Selon le communiqué du BEA, "l'enregistreur phonique - Cockpit Voice Recorder (CVR) - a été localisé et identifié par l'équipe d'enquête à 21h50 GMT lundi. Il a été remonté par le robot Remora 6000 à bord du navire Ile de Sein à 02h40 GMT ce mardi matin", a-t-il ajouté.

Le vol AF447 Rio de Janeiro-Paris a disparu en mer le 1er juin 2009 avec 228 personnes à son bord. L'épave de l'avion a été localisée début avril, 22 mois après l'accident, à 3.900 mètres de profondeur. Le BEA avait annoncé dimanche la découverte de la première boîte noire contenant les paramètres de vol, qui semble en bon état.

"C'est très encourageant mais il faut rester prudent"

Pouvoirs publics et familles des victimes espèrent que cette découverte permettra une avancée significative dans l'enquête sur la catastrophe. "C'est très très encourageant pour toutes les familles de victimes même s'il faut rester prudent en attendant de voir dans quelle mesure l'enregistreur pourra être exploité", a déclaré Jean-Baptiste Audousset, président de l'association Entraide et Solidarité AF447.

"L'analyse ne peut se faire qu'à Paris"

Les autorités espèrent aussi que les données recueillies permettront à l'ensemble du secteur aérien de tirer les enseignements de la catastrophe.
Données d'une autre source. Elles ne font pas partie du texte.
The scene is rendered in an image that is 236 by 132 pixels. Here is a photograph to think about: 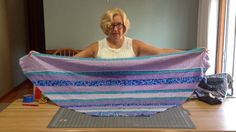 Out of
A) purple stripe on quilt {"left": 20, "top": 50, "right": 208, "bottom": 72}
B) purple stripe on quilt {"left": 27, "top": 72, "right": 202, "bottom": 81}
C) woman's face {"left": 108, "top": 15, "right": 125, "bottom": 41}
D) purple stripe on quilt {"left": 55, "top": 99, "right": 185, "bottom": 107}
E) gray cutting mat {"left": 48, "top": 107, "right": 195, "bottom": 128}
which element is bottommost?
gray cutting mat {"left": 48, "top": 107, "right": 195, "bottom": 128}

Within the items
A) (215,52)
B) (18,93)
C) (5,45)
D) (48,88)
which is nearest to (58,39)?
(5,45)

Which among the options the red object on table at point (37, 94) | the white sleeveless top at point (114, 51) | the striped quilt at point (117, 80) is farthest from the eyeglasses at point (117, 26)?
the red object on table at point (37, 94)

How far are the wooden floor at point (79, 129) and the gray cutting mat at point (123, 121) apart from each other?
0.04m

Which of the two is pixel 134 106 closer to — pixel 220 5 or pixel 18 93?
pixel 220 5

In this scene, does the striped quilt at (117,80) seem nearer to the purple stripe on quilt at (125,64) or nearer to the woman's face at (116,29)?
the purple stripe on quilt at (125,64)

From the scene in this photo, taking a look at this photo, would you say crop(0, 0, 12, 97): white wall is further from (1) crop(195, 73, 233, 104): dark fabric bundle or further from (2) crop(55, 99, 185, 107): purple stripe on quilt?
(1) crop(195, 73, 233, 104): dark fabric bundle

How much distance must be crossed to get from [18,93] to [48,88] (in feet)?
11.2

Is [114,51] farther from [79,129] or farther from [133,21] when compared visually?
[133,21]

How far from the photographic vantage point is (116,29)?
2250mm

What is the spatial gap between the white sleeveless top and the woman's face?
0.09 m

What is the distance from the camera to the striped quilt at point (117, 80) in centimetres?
187

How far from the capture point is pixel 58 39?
4.34 meters

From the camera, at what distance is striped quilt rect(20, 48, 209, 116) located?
1868mm

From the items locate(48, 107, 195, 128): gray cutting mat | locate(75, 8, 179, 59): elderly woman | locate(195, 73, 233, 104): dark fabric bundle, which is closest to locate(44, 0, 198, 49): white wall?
locate(75, 8, 179, 59): elderly woman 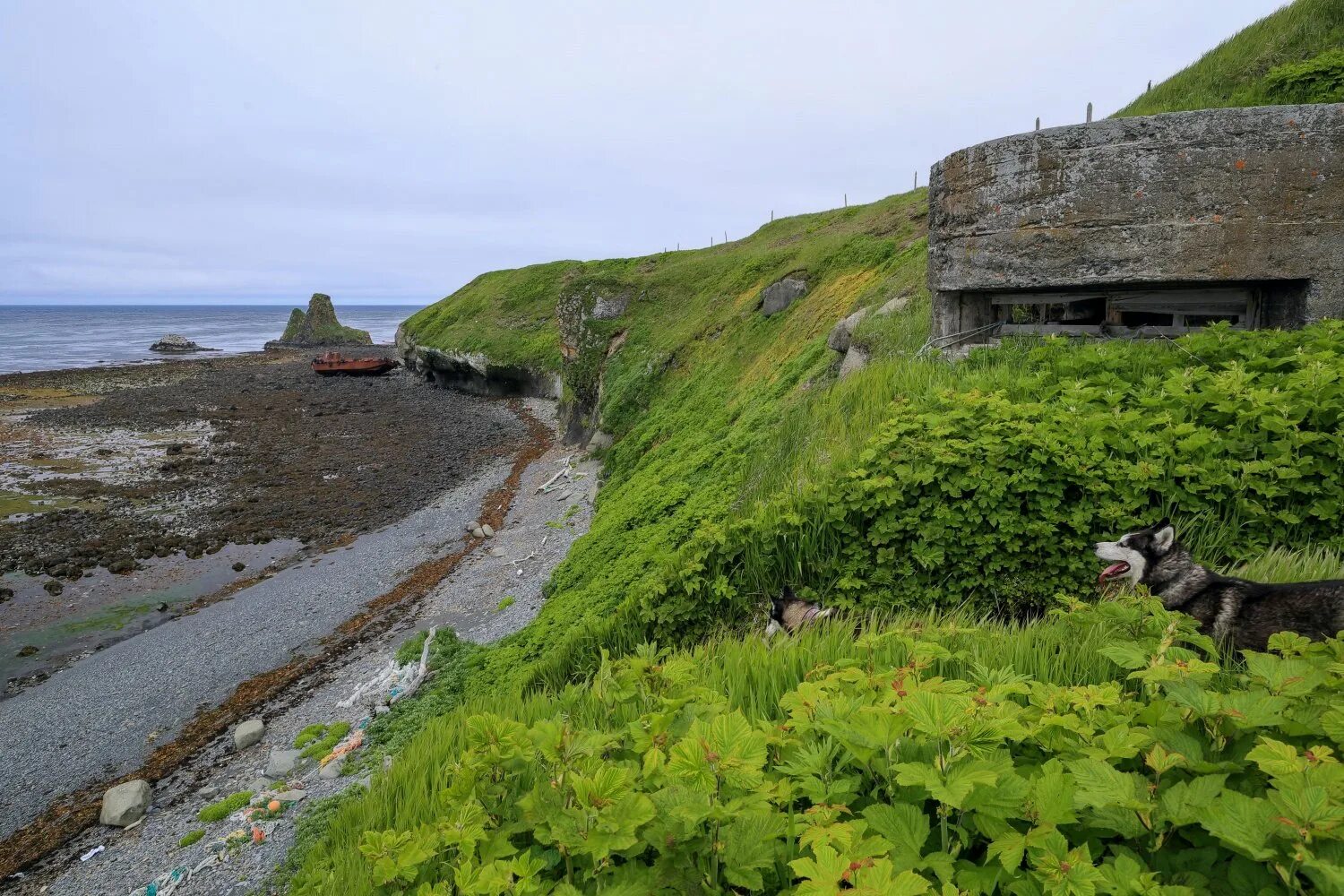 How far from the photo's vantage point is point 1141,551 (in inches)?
192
Un problème sur les sondes de mesure de vitesse de type Pitot, fabriquées par Thales, qui équipaient les A330 et A340, a été avancé comme une cause possible. Ces petits tubes placés à l'avant de l'appareil givraient à haute altitude. Mais le BEA pense que cette défaillance, si elle était confirmée, ne suffirait pas à expliquer l'accident.
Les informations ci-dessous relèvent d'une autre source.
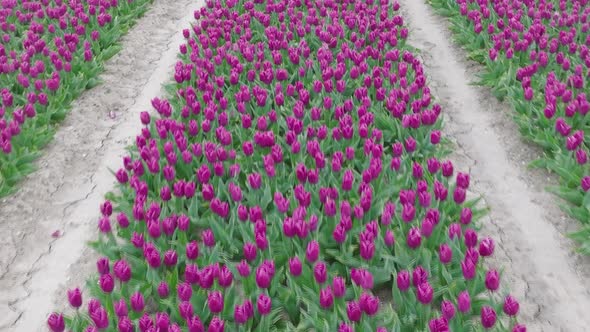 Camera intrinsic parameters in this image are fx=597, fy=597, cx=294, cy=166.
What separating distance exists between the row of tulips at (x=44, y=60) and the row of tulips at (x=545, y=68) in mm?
4854

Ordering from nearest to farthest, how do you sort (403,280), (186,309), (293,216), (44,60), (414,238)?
1. (186,309)
2. (403,280)
3. (414,238)
4. (293,216)
5. (44,60)

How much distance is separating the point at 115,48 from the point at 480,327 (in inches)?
268

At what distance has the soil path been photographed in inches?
157

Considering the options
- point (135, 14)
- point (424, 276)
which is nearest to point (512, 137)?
point (424, 276)

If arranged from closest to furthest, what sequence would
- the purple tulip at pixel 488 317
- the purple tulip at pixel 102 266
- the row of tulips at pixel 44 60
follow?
1. the purple tulip at pixel 488 317
2. the purple tulip at pixel 102 266
3. the row of tulips at pixel 44 60

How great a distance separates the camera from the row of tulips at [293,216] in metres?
3.42

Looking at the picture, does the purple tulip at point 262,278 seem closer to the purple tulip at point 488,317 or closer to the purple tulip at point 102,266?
the purple tulip at point 102,266

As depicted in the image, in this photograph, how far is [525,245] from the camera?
456cm

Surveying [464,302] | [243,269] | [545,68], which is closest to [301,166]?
[243,269]

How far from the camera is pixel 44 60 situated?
754cm

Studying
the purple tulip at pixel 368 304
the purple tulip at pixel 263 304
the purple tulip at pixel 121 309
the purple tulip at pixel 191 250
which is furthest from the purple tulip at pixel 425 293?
the purple tulip at pixel 121 309

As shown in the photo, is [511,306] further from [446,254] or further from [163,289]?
[163,289]

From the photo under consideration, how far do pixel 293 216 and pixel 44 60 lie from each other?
197 inches

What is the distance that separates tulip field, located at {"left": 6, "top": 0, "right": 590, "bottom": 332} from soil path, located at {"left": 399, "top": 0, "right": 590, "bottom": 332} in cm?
9
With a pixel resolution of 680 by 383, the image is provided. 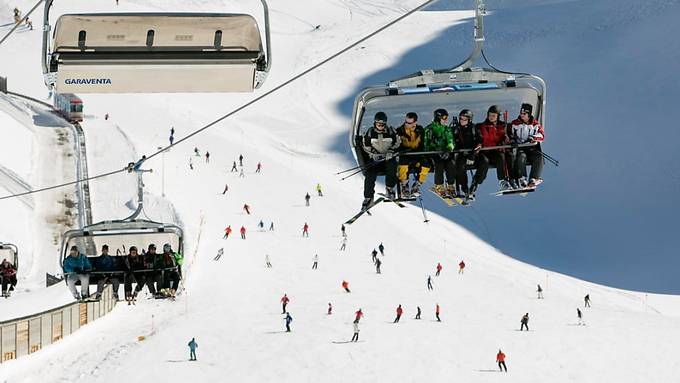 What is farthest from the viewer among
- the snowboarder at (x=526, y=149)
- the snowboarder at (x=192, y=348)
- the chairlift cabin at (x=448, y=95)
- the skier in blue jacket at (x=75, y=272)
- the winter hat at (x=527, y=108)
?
the snowboarder at (x=192, y=348)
La boîte noire retrouvée dimanche sera ramenée à Paris d'ici huit à dix jours mais les enquêteurs restent prudents sur son exploitation. "Une chose est claire, c'est que même si la boîte n'a pas l'air endommagé, on ne peut pas se prononcer sur son fonctionnement tant qu'on ne l'a pas ouverte", a dit à Reuters une porte-parole du BEA. "Cela demande des équipements extrêmement pointus. L'analyse ne peut se faire qu'à Paris."